■ **WHAT IS EXPECTED**:
Pictures aside, write out the data exactly as it reads.

■ **MATERIAL SUPPLIED**:
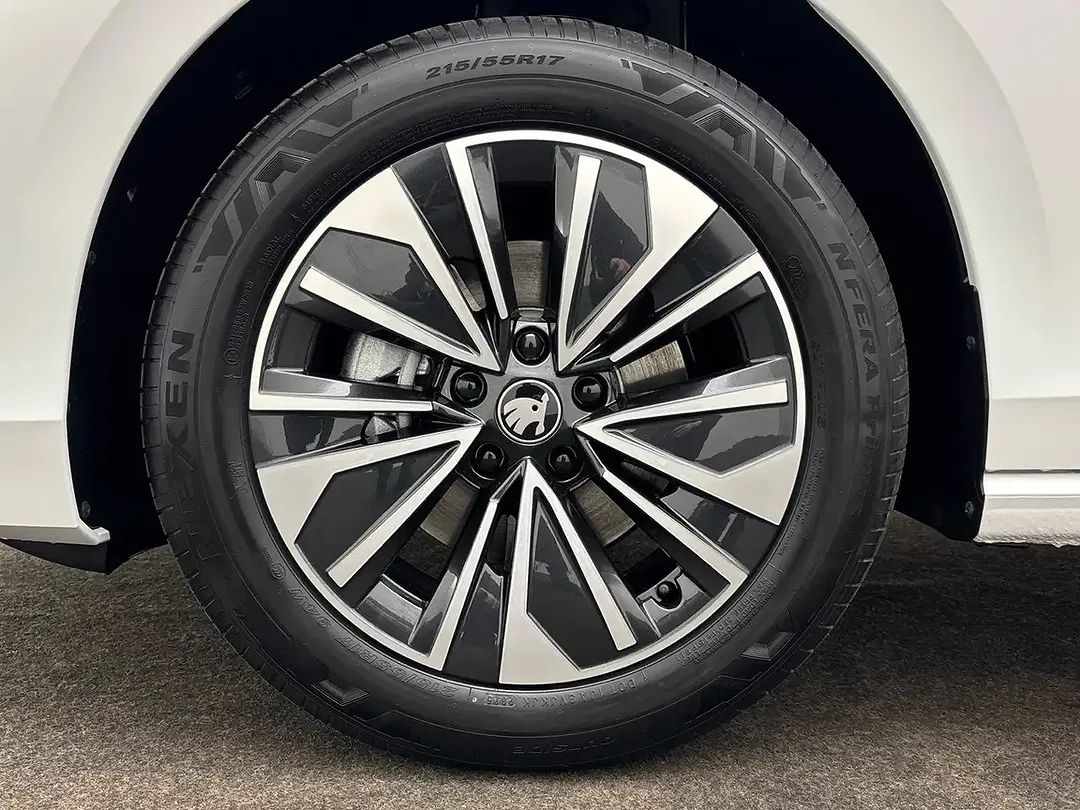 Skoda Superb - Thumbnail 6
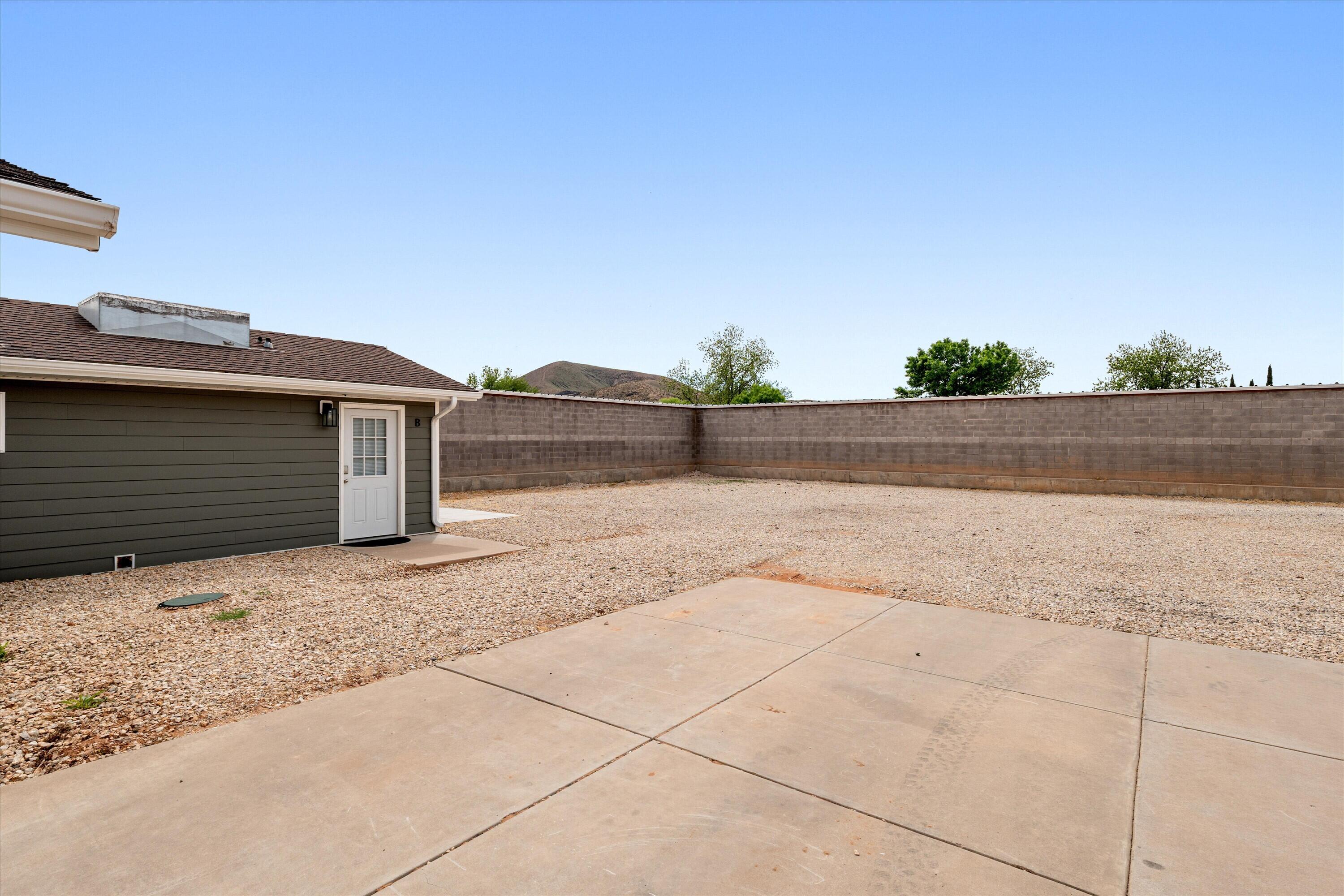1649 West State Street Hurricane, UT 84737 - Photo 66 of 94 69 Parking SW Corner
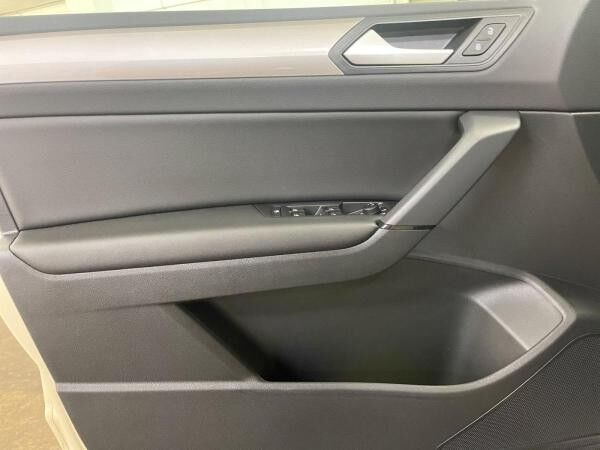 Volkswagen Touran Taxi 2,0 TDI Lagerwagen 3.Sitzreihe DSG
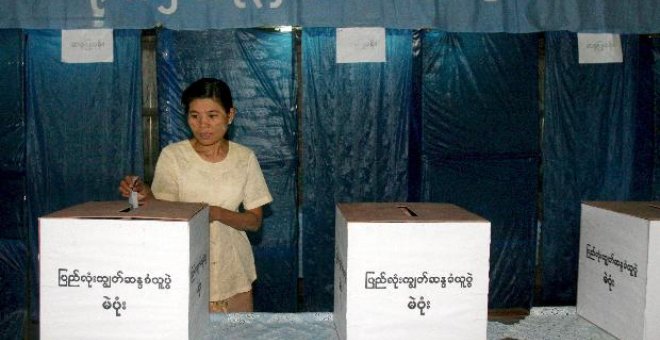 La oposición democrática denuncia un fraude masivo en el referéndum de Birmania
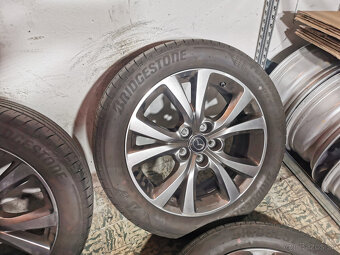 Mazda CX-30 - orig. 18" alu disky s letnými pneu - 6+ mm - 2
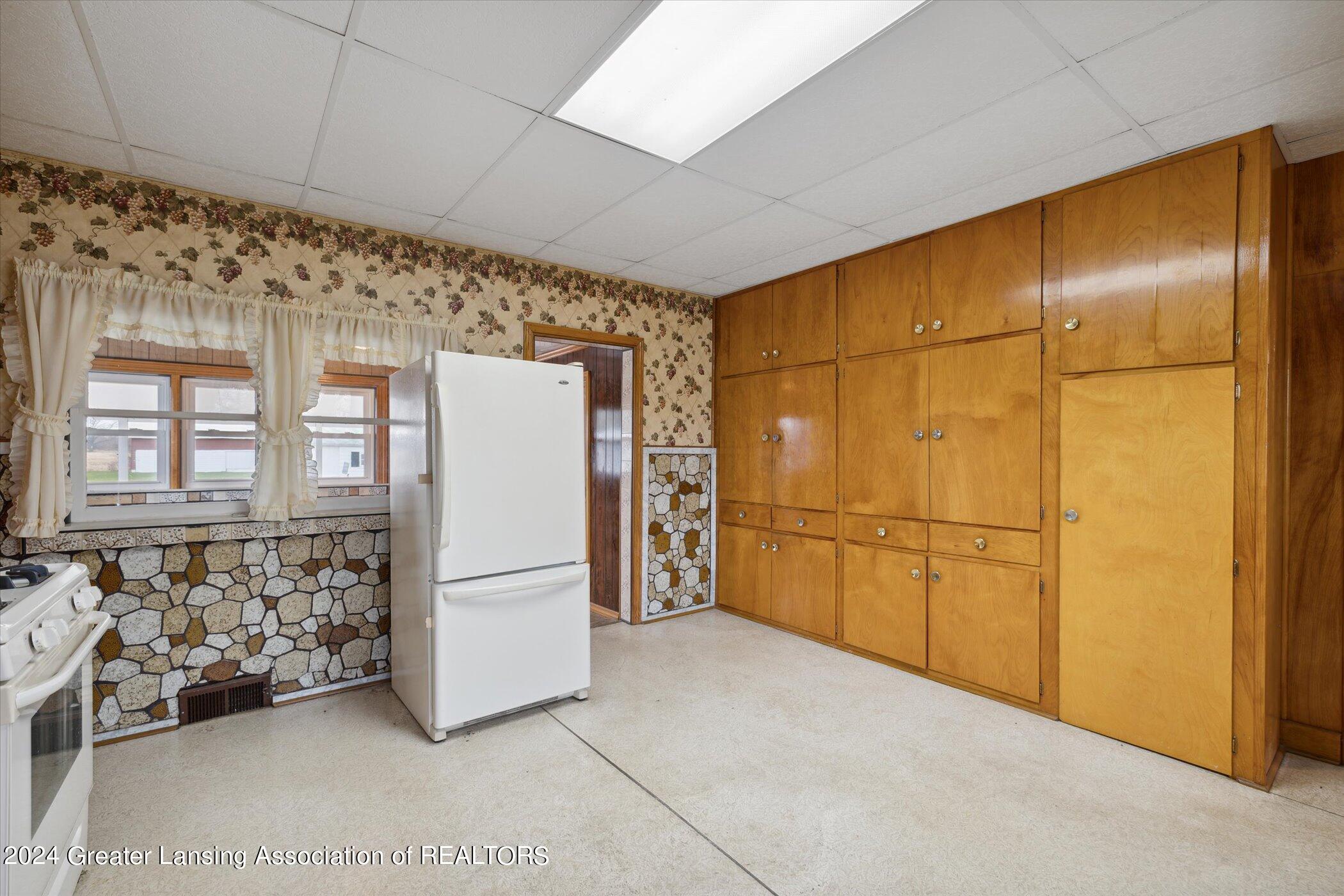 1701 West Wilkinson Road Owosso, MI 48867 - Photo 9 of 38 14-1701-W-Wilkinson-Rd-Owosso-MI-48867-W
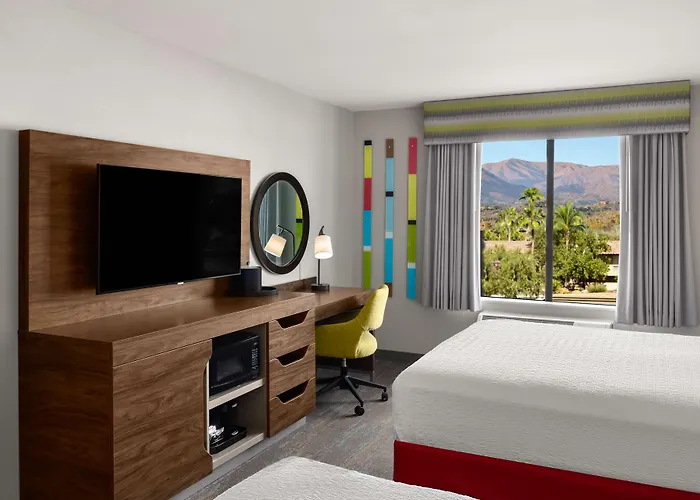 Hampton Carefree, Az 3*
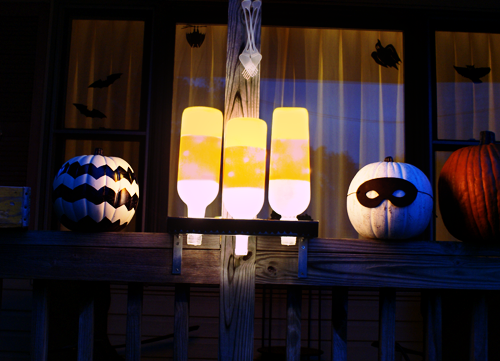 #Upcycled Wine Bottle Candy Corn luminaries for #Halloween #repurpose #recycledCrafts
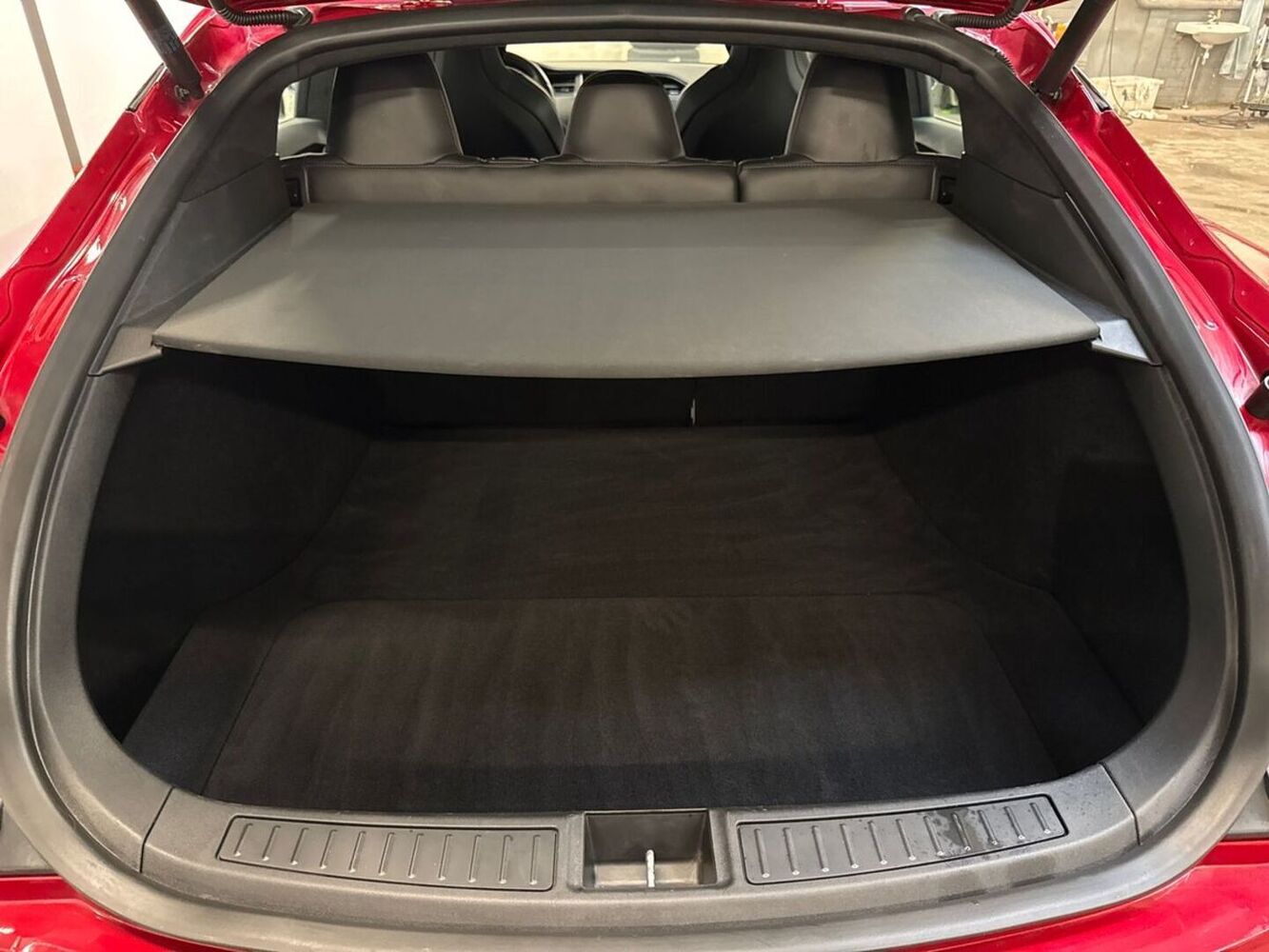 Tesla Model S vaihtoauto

■ **THE ANSWER**:
 Skoda Superb - Thumbnail 6
1649 West State Street Hurricane, UT 84737 - Photo 66 of 94 69 Parking SW Corner
 Volkswagen Touran Taxi 2,0 TDI Lagerwagen 3.Sitzreihe DSG
 La oposición democrática denuncia un fraude masivo en el referéndum de Birmania
 Mazda CX-30 - orig. 18" alu disky s letnými pneu - 6+ mm - 2
 1701 West Wilkinson Road Owosso, MI 48867 - Photo 9 of 38 14-1701-W-Wilkinson-Rd-Owosso-MI-48867-W
 Hampton Carefree, Az 3*
 #Upcycled Wine Bottle Candy Corn luminaries for #Halloween #repurpose #recycledCrafts
 Tesla Model S vaihtoauto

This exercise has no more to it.